The role of positive wound cultures at the time of reconstruction remains controversial. Rodriguez et al. reported that negative microbiological cultures were not mandatory before surgical wound closure (21). In our experience, some culture-positive DSWIs can be reconstructed with good results at the expense of radical surgical debridement. However, this is not our usual approach to wound care. Here, we found that positive wound cultures contributed significantly to treatment failure, especially when sternal refixation was attempted by conventional wiring. The role of foreign bodies, (i.e., wires and plates), in sternal wound infection recurrence has not been thoroughly examined. Elgharably et al. showed biofilms on sternal wires removed from the sternal wounds of six patients (22). Their findings may indicate reflect the importance of eliminating all foreign bodies from infected wounds to obtain a sterile wound environment. Radical surgical debridement, even at the expense of partial or total sternectomy, followed by the application of plastic surgical techniques seems to be a more effective approach to sternal wound treatment than the use of conventional cardiac surgical methods. We prefer to prepare bilateral unpedicled rotational advancement flaps and unite them in an overlapping manner at the wound midline instead of using turnover flaps in patients who have undergone internal mammary artery harvesting.

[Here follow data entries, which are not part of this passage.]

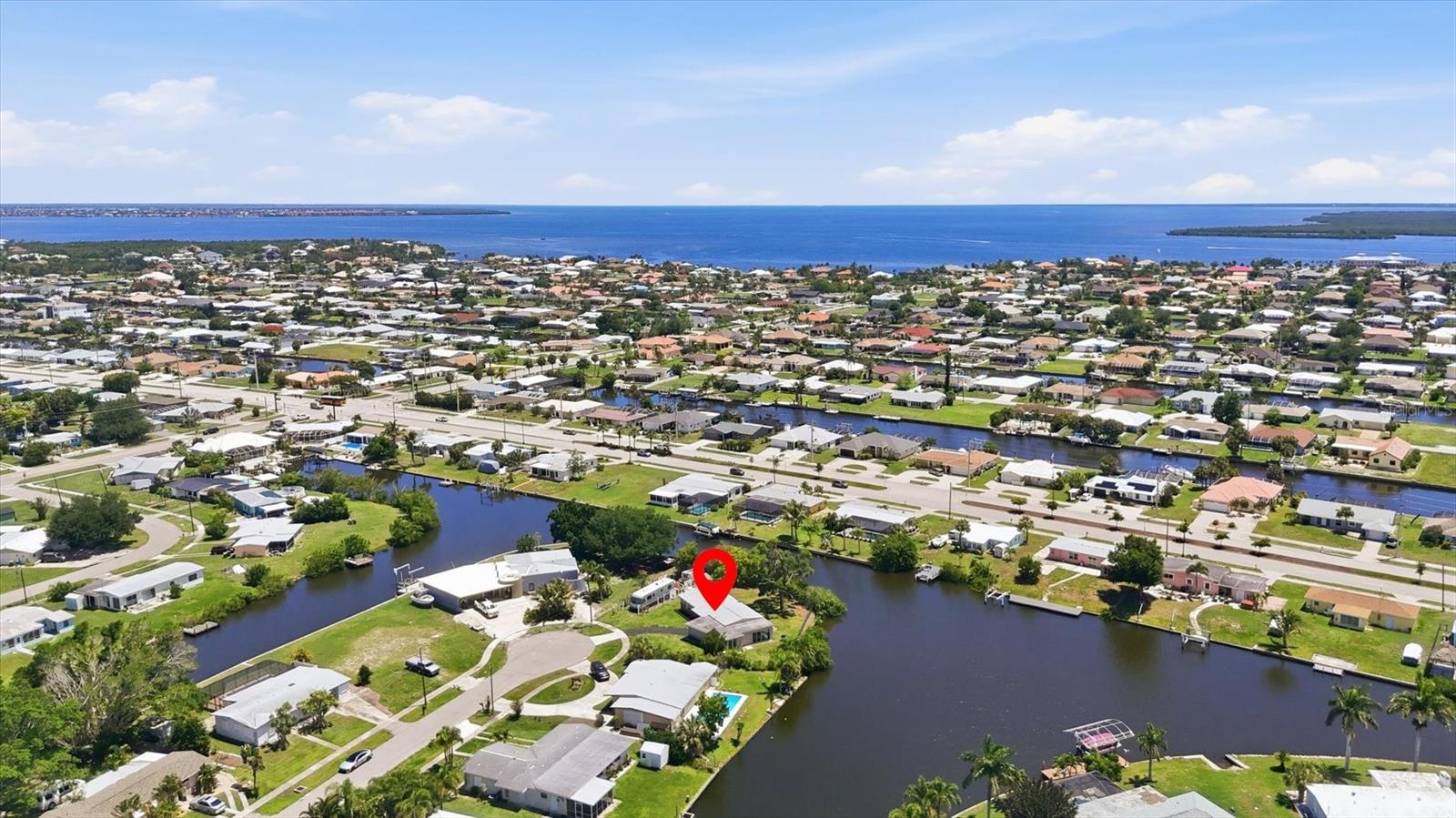 PORT CHARLOTTE SEC 006 - Residential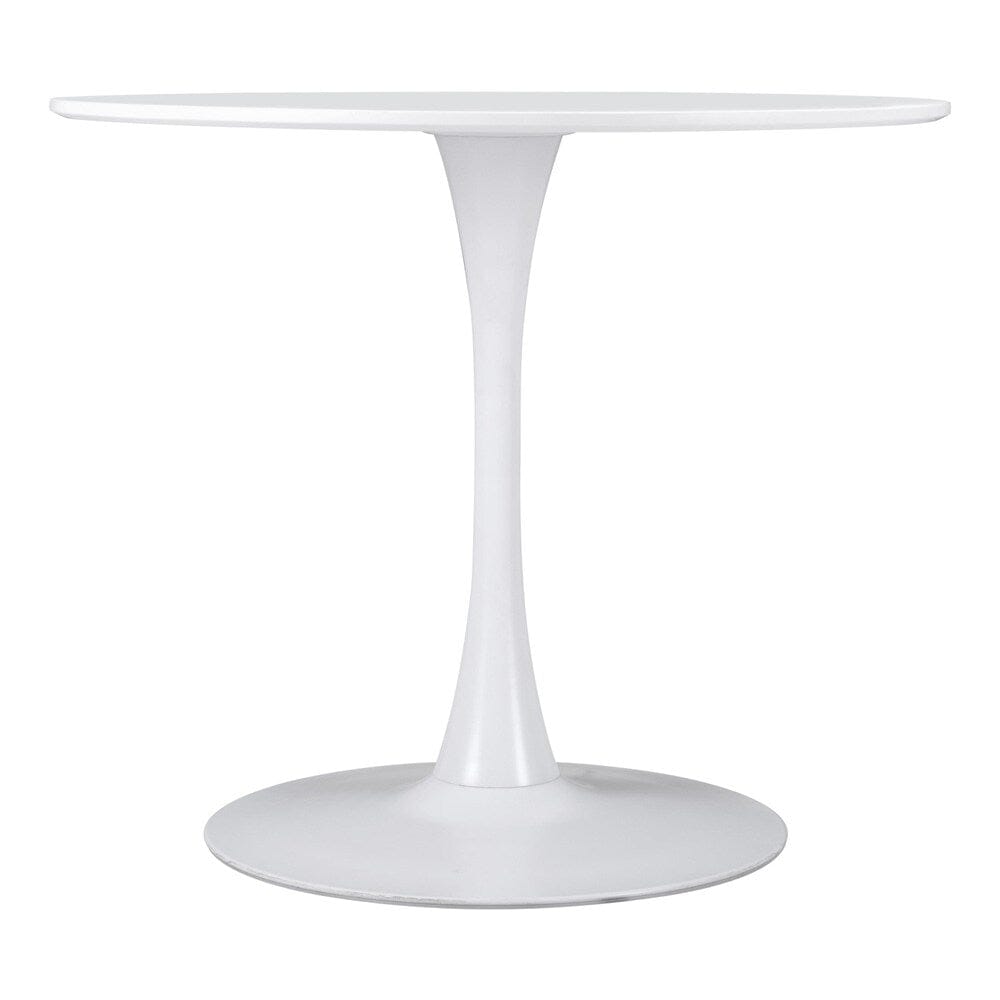 Zuo Modern - Opus Dining Table White - 101566 veiw 2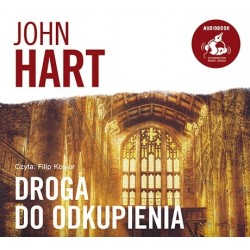 audiobook - Droga do odkupienia - John Hart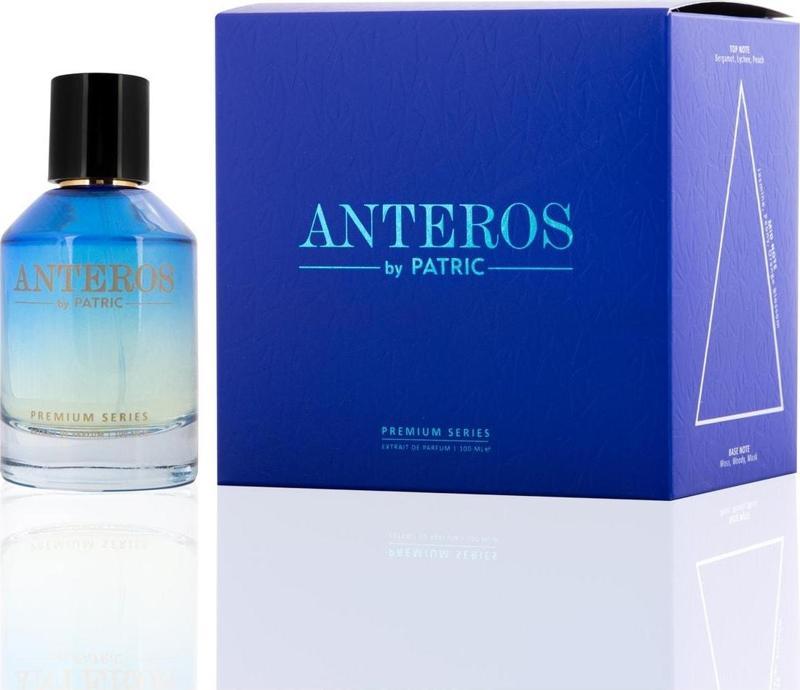 By Patric Anteros Premium Parfüm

This is a single-center retrospective study; the sample size is small, and the follow-up period is short. Therefore, no further conclusions can be drawn.
Gram-positive bacterial cultures occurred more frequently in the sternal rewiring group than in the no sternal rewiring group. However, final sternal rewiring was only performed after microbiological cultures became negative.
This study indicates that reconstructing the infected sternum with additional wires may not be the most appropriate strategy in many patients with DSWIs. Extensive sternal debridement and elimination of all potential nidi of infection, followed by wound closure with well-vascularized muscle flaps, may lead to a decreased rate of surgical treatment failure.
Conflicts of Interest: This paper was partially presented at the 31st Annual Meeting of The European Association of Cardiothoracic Surgery, Vienna, Austria, October 7-11, 2017.
Ethical Statement: The study was conducted in accordance with the Declaration of Helsinki. The institutional ethics committee approved the study, (Approval No. 10/2017).